• WORK INSTRUCTION
Your response should contain exactly the lines running from the one with "Snapshot of mary_shake" to the end of the data below, both included, and no pictures.

• THE DATA

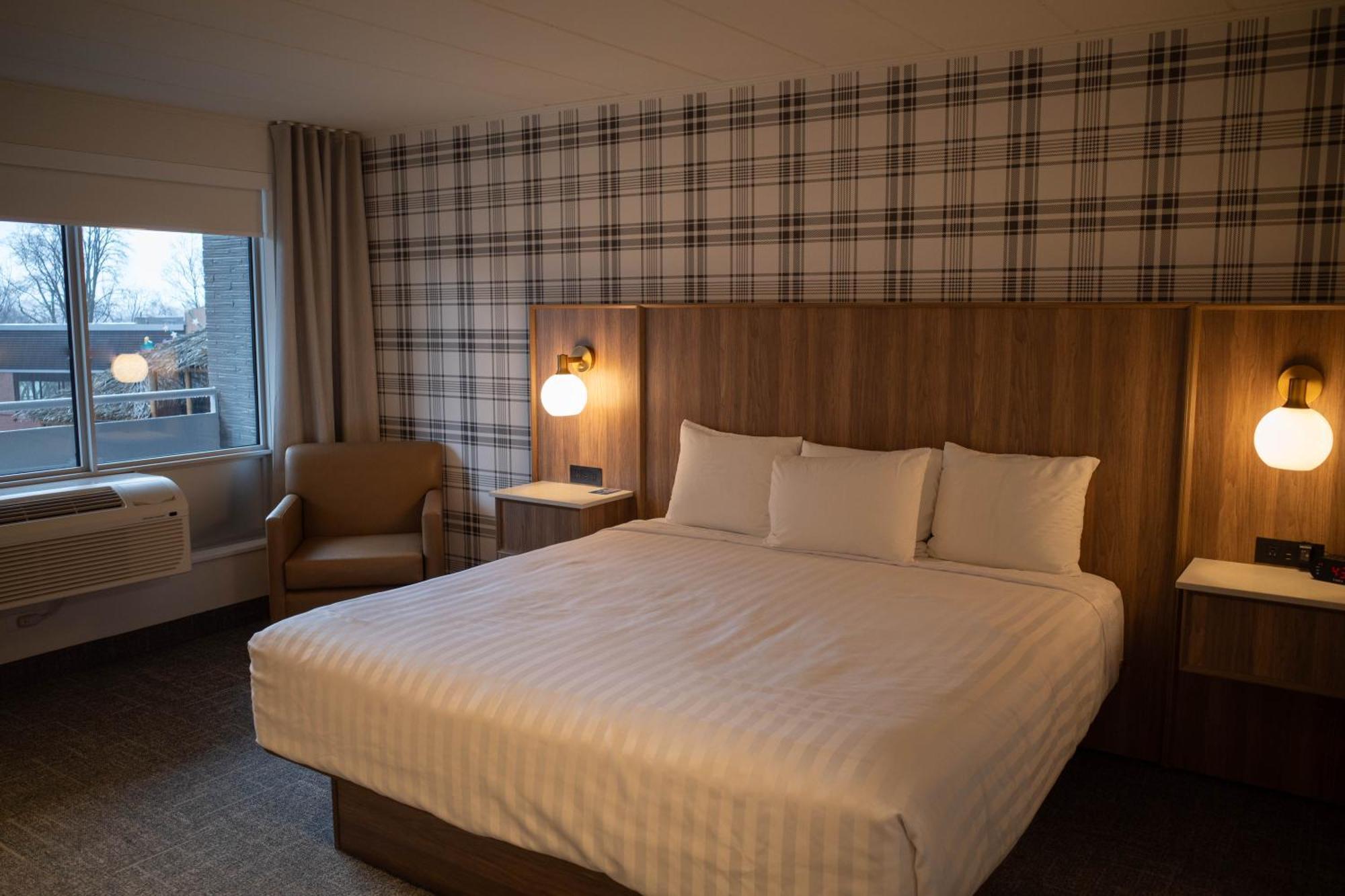 Travelodge By Wyndham Niagara Falls At The Falls Ngoại thất bức ảnh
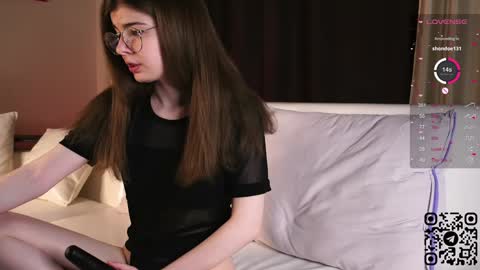 Snapshot of mary_shake chatting on 12/14/24, 09:35 Mary online show from 12/14/24, 09:35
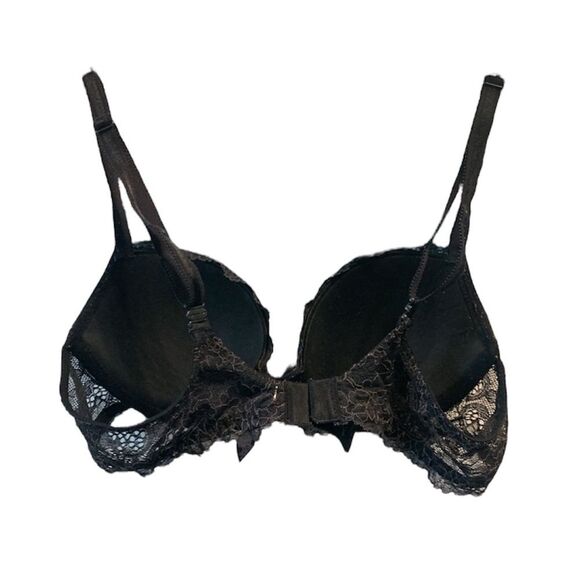 Victoria’s Secret | Women’s Black Padded Lace Bra - Picture 3 of 8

• EXPECTED ANSWER
 Snapshot of mary_shake chatting on 12/14/24, 09:35 Mary online show from 12/14/24, 09:35
 Victoria’s Secret | Women’s Black Padded Lace Bra - Picture 3 of 8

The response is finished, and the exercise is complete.